Investigating the effect of additional mass
The final question on the Vibration Modes experiment was to suggest what the effect of an additional floor mass would be. This extended exercise involves making more detailed predictions of changes arising from changes to the mass distribution and comparing these with experiments. You may wish to investigate the effects of this on the structures in the South Wing, or on the shaking tables, or you might want to compare the two.
The short labs use a structure where each floor has an identical mass; this may not be the case in reality.
- Carry out a range of dynamic tests with varying floor masses. Additional masses can be bolted onto each floor.
- For each case, calculate the theoretical natural frequencies of the system. There is some assistance with this provided - remember to use the 4 degree of freedom system if you are conducting the experiment on the shaking tables, and a 3 degree system for the structures in the South Wing.
- How well does the experimental data agree with the theoretical natural frequencies? For the South Wing structures, you can look at both impulse and harmonic loading.
- What about the damping ratio for each mode? Does the extra mass make a large difference? Why do you think this might be?
- Where does your data suggest the safest place for a heavy load in a building might be? Does this agree with common practise?
Buckling via vibration modes
One way to detect the approach to buckling is to track natural frequencies: the buckling threshold occurs when a frequency first reaches zero. Why is this so? Investigate the variation of natural frequencies as weights are added to the floors of the building and use this to predict the buckling load. How does it vary depending on the floor to which you add the weights?

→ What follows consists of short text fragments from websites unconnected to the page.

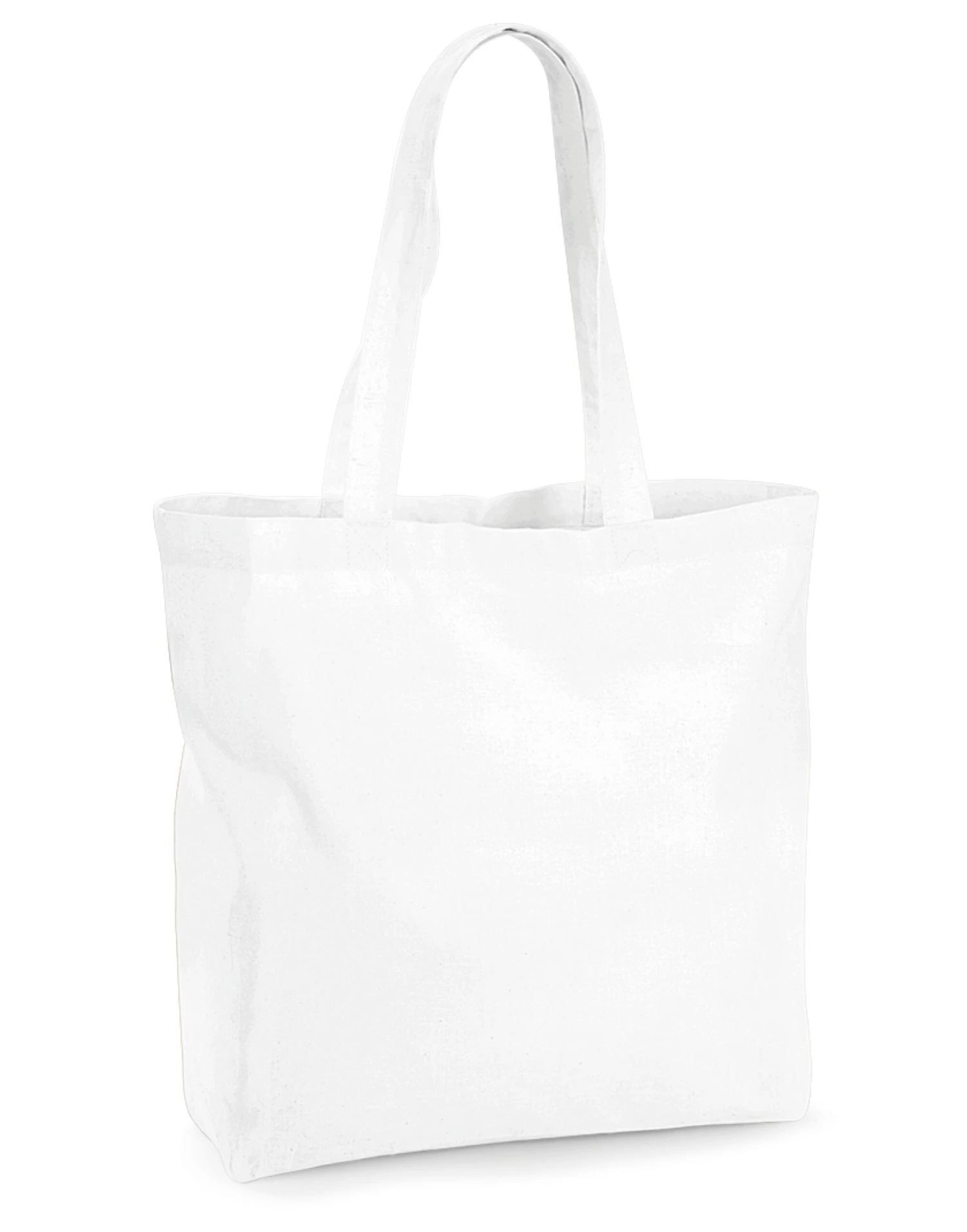 Westford Mill Organic Premium Cotton Maxi Tote 11 Westford Mill Organic Premium Cotton Maxi Tote - Image 9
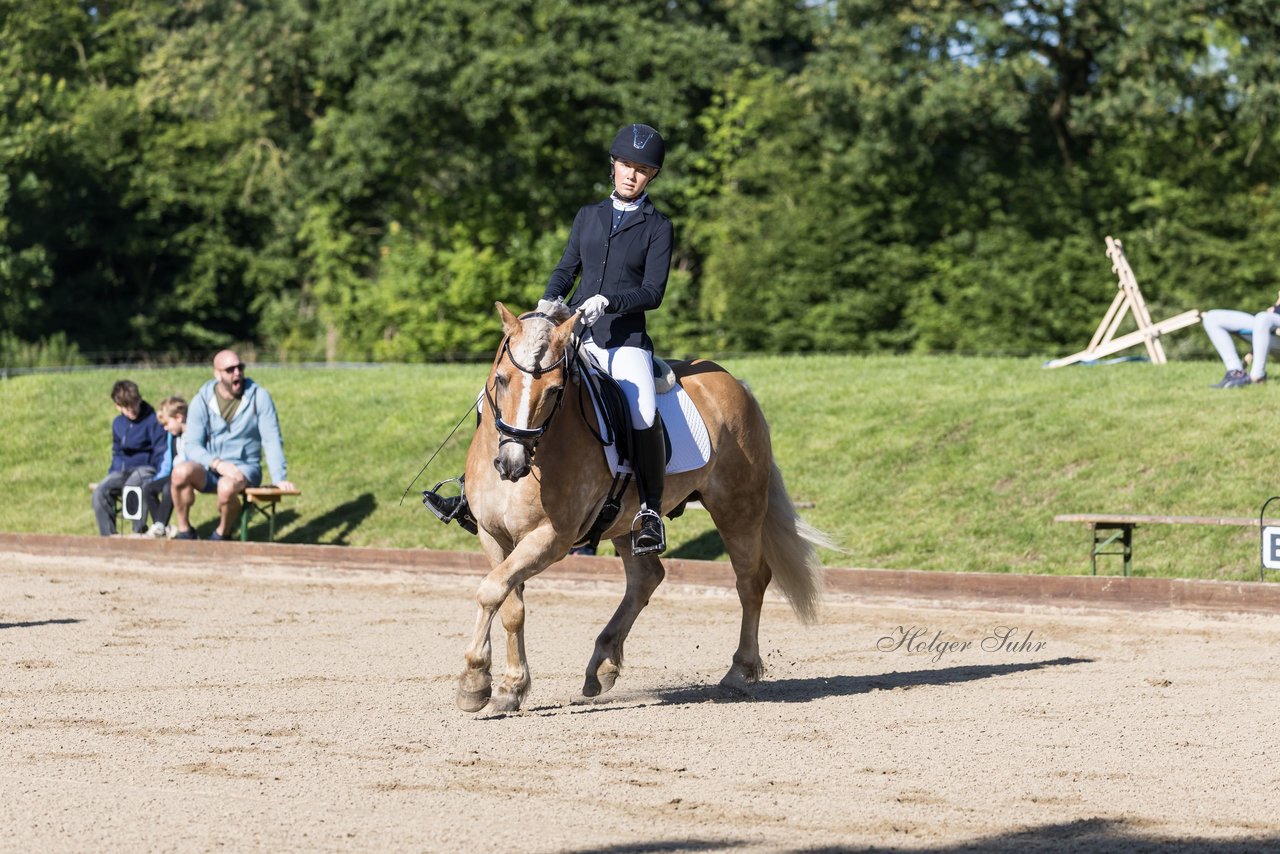 Bild 122 - Pony Akademie Turnier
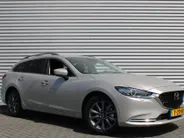 Mazda 6 Sportbreak 2.0 SkyActiv-G 6AT 165PK Centre-Line | BTW Auto | Navi | 17' LM | 360° Camera | Cruise | Head-up display | Automaat |
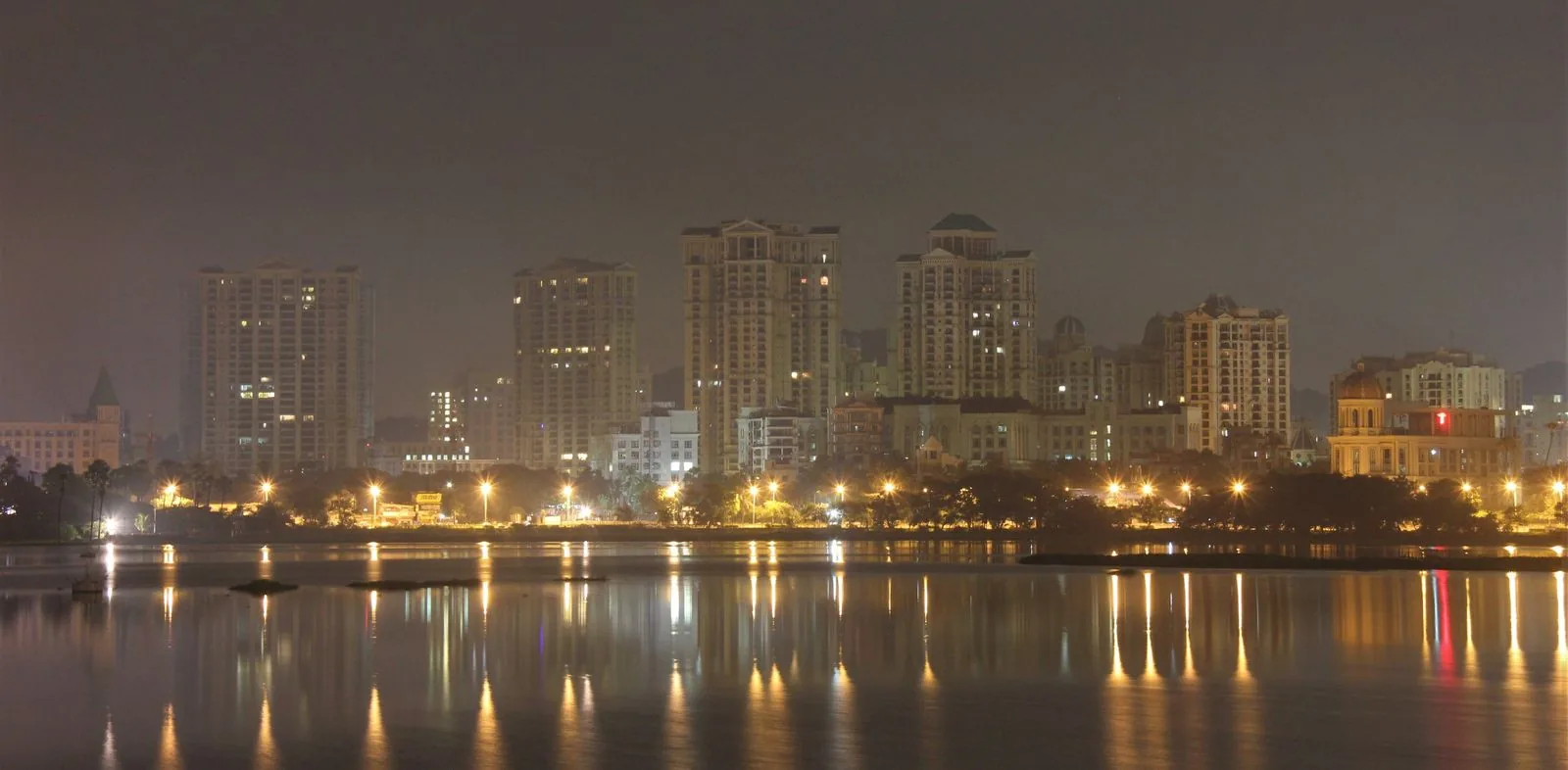 Powai Mumbai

Damping rate of the vibration absorber
The theoretical model of a vibration absorber that you analysed in the short lab used a system characterised by three parameters: mass, stiffness and damping rate. Although the mass and spring models seem quite realistic (a rod in bending, at least for small amplitudes, behaves acording to Hooke's law, and the assumption of constant mass is probably ok) there is no obvious reason why the damping should behave like an idealised viscous dashpot. In this extended exercise, you are asked to investigate the validity of this assumption; you may wish to investigate some or all of the following questions, and some extra ones of your own:
- Tune an absorber to match the frequency of a resonance on the structure. How can you measure the damping rate?
- Does the damping in this absorber behave like the assumed viscous dashpot? Is its behaviour linear (i.e. does the damping rate depend on amplitude)? Does it vary with frequency?
- What factors affect the damping rate of the absorber? How can you modify this rate? (Tighter/looser connection? blu-tack?) How can you test the contribution of various effects to the damping?